Vitalik Buterin support EIP-1884 but highlights the concerning point
- EIP-1884 is about repricing for opcodes
- This EIP will break at least a few deployed contracts, says developer
- Vitalik also answers what will break as current blockchain migrates to Eth 2.0
Recently, Ethereum core-developers finalized a list of six code changes to be activated for the next system-wide upgrade of Ethereum Network called Istanbul.
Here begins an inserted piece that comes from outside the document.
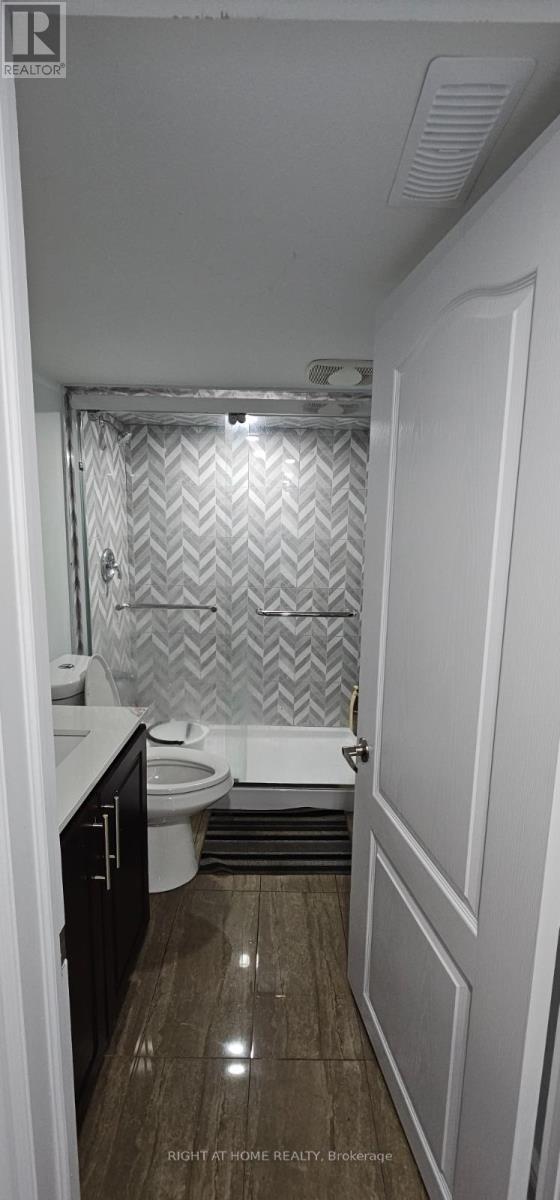 28 Herrick Drive, Brampton, Ontario  L7A 5G2 - Photo 9 - W12479004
The update will be executed in two parts, with the first one featuring all six code changes with a tentative date in October while the second one will feature Ethereum Improvement Proposals (EIPs) — sometime in the first quarter next year — that require further testing from core developers.
The accepted EIPs are:
- EIP-152: Add Blake2 compression function F precompile
- EIP-1108: Reduce alt_bn128 precompile gas costs
- EIP-1344: Add ChainID opcode
- EIP-1884: Repricing for trie-size-dependent opcodes
- EIP-2028: Calldata gas cost reduction
- EIP-2200: Rebalance net-metered SSTORE gas cost with consideration of SLOAD gas cost change
However, Rust developer at Parity Technologies, Wei Tang is concerned about on of EIPs, EIP-1884.
“Ethereum shouldn’t be of exception if it wants to have a bright future.”
This EIP proposes repricing certain opcodes in order to obtain a “good balance between gas expenditure and resource consumption.” It basically proposes to raise the gas cost for opcodes that are more resource-intensive than they were previously.
According to Tang, this EIP will break at least a few deployed contracts. That he says may be a “standalone incident” but he is more concerned about the fact that some core developers take it as “acceptable behavior.”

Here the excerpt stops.